Nomi universali, generici, indefiniti?


----------



## Faess

Nunou said:


> Forse...ma penso che ci sia una leggera differenza. Un sostitutivo si riferisce piuttosto al "lapsus", al dire una cosa per un'altra....



Mi basavo su quanto narrato in quest'articolo
http://sicapisce.wordpress.com/2009/09/02/mi-coseresti-per-favore-il-coso/
senza sapere se fosse giusto o meno.


----------



## Nunou

Faess, credo che nell'articolo abbiano tradotto il termine inglese (placeholder) con cui in effetti si traduce pantonymes. Qui sul forum, il dizionario inglese-italiano per placeholder, tra le varie traduzioni, mi da "sostituto" e poi variabile metasintattica (simbolo) per il campo informatico. Forse "simbolismi" può essere usato anche per pantonymes....non so... non sono un'esperta in materia di linguistica per cui non posso affermare con certezza quello che dico.
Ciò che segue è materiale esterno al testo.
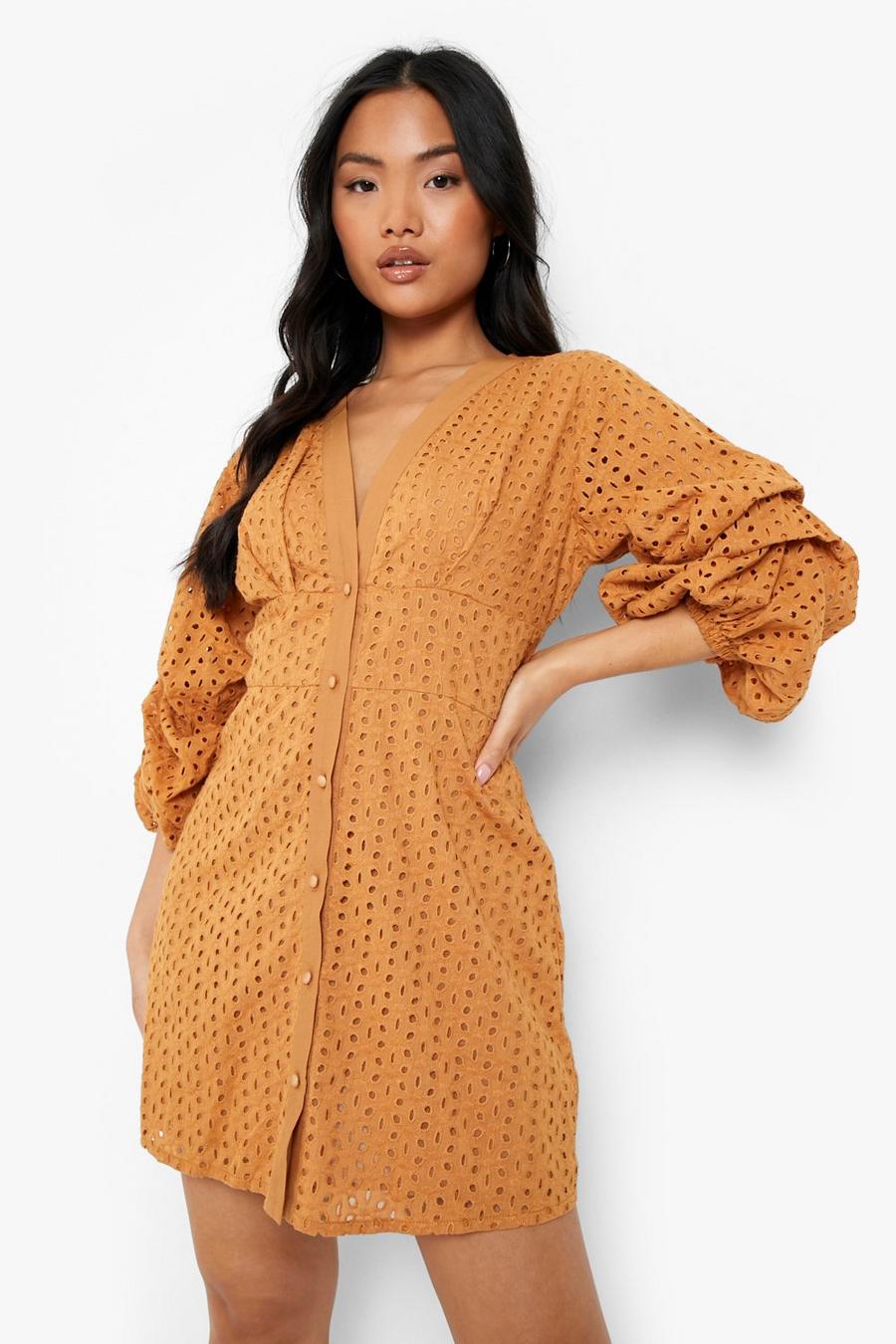 Tan Petite Eyelet Ruched Puff Sleeve Mini Dress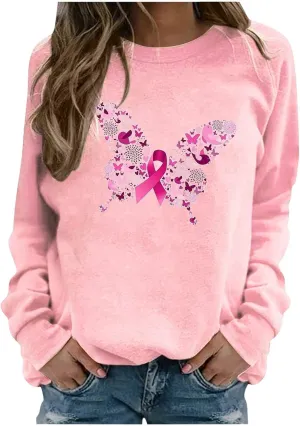 Breast Cancer Awareness Sweatshirt for Women Pink Ribbon Crewneck Long Sleeve Loose Tops Fall Trendy Pullover Clothes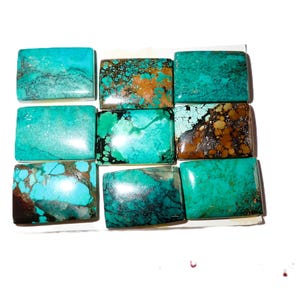May include: A collection of nine rectangular turquoise cabochons arranged in a grid. Each stone features a polished surface with unique natural matrix patterns in shades of bright blue, deep green, dark brown, and black, showcasing varied mineral inclusions.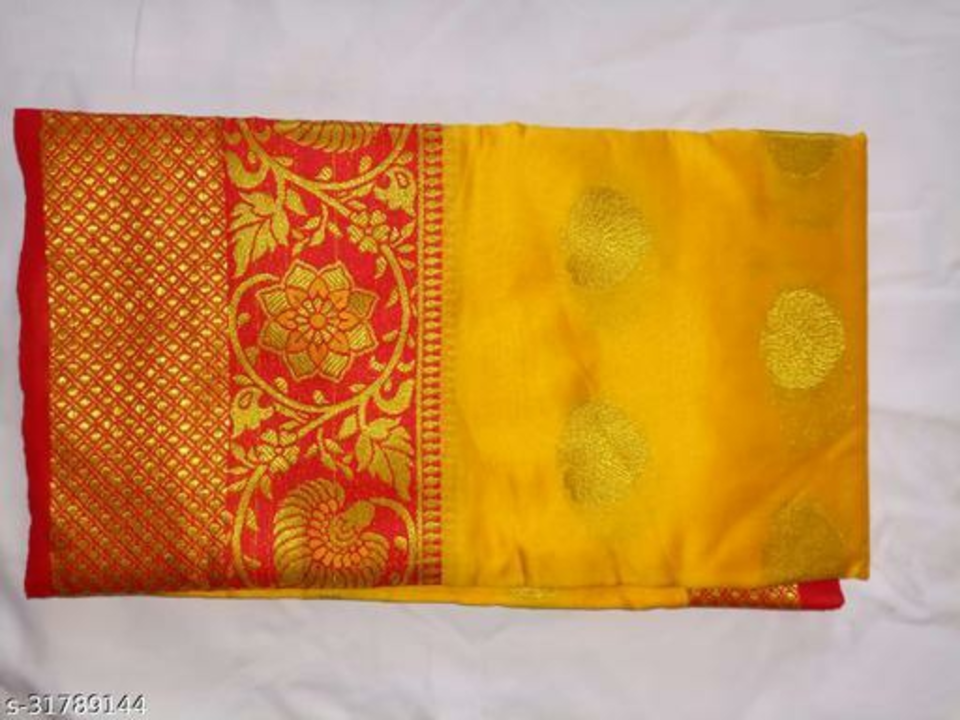 Banarasi Silk Gold Coloured jacquard Saree With Blouse uploaded by NODDY FASHION CLUB  on 1/31/2023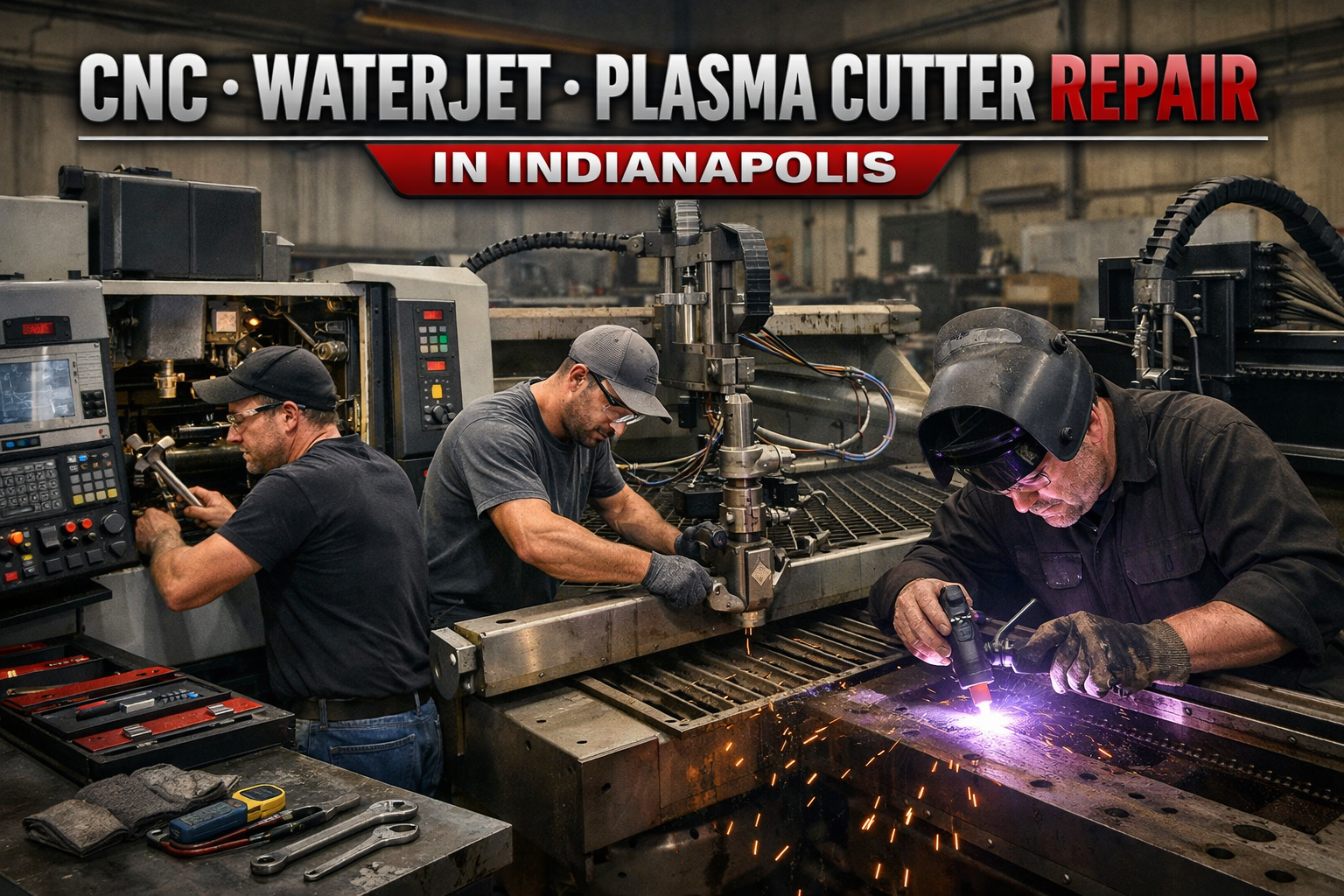 Technicians performing CNC, waterjet, and plasma cutter repair inside an industrial machine shop in Indianapolis.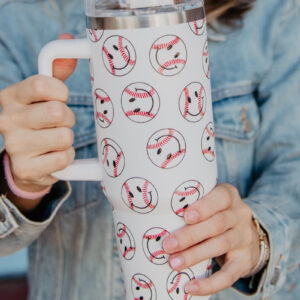 Baseball Happy Faces Tumbler Cup w/ Handle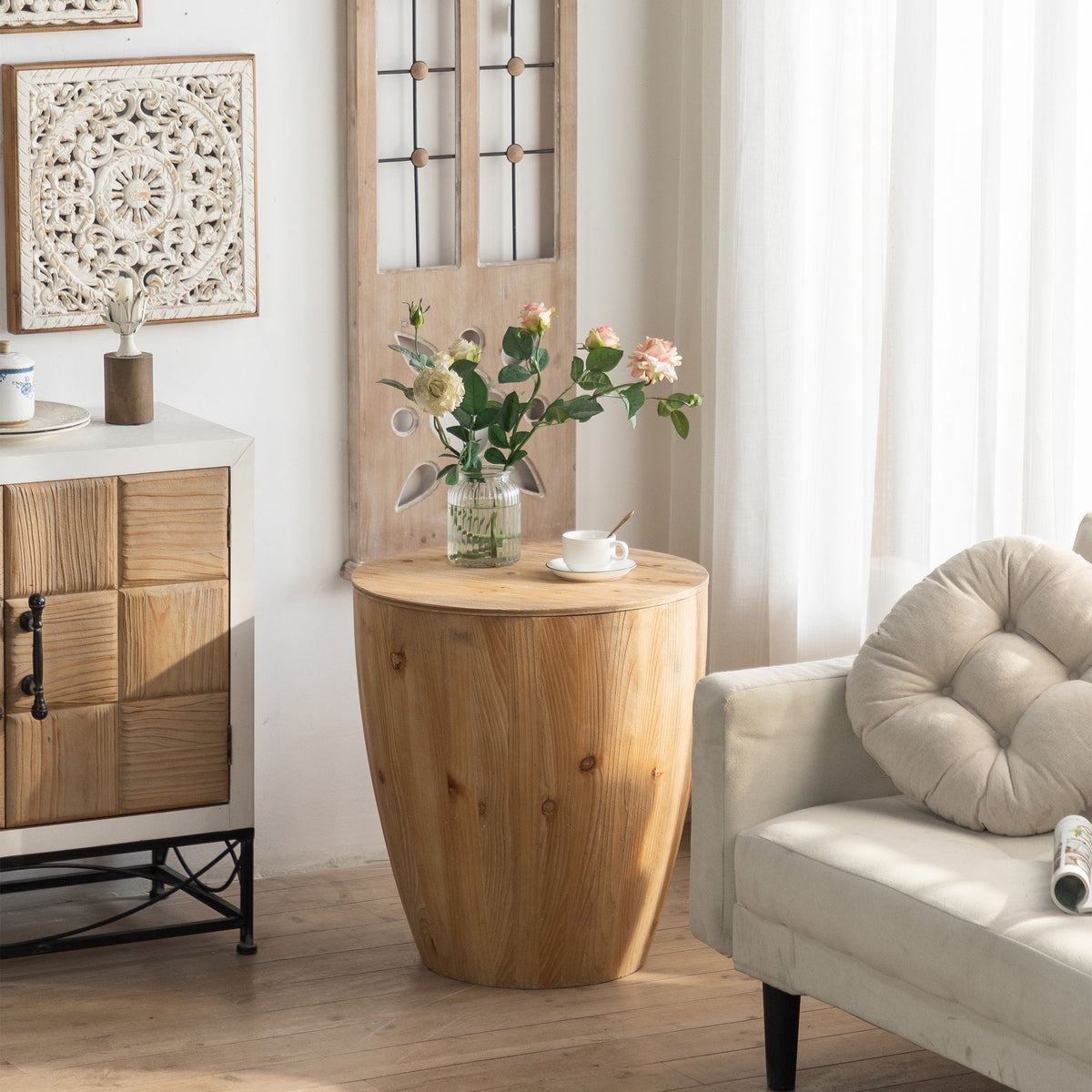 Vintage Style Barrel Coffee Table With Storage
Ad ogni modo, nell'articolo il termine è stato interpretato come "prendere il posto di" quindi sostituire...se lo hanno fatto si vede che il termine si può sicuramente usare anche in questo senso.

_Sostitutivo = che può sostituire un'altra cosa perché ha lo stesso valore.
_

_Simbolismo = la caratteristica di avere un significato più ampio di quello immediato ed esterno_


----------



## matoupaschat

Da notare comunque che "pantonyme" non è ripreso nel CNRTL (francese) : http://www.cnrtl.fr/definition/pantonyme  . Ma se è usato in francese, perché non adoperare "pantonimo" in italiano ?


----------



## Nunou

La parola esiste su Wiktionnaire ma in effetti manca la sua etimologia (forse greca????). 
Quanto a pantonimo per l'italiano, personalmente non l'ho mai sentito e non lo trovo neppure sul web...ma ho trovato pantonima,
sia in italiano sia in altre lingue.

Guardate un po' qui: 
http://www.vbox7.com/play:d8e46bf2

Forse una variante di pantomime e pantomima per indicare parole che ne "mimano" altre????


----------



## Nunou

Qui parlano di "esibizioni di mimi e pantonimi"
http://www.signainferre.eu/modules.php?name=Forums&file=viewtopic&p=10976&highlight=


----------



## pomar

Nonou, penso che ci sia un errore di trascrizione. L'etimologia di panto*m*ima e panto*n*imo non è la stessa: il primo termine evoca il mimare, il secondo viene da "panto" (tutto) + "onoma" (nome). Suppongo voglia dire un nome che serve per tutto.
Un modo per definirlo in italiano potrebbe essere forse termine tuttofare?


----------



## Nunou

Pomar, a questo punto credo che qualunque termine che renda l'idea vada bene...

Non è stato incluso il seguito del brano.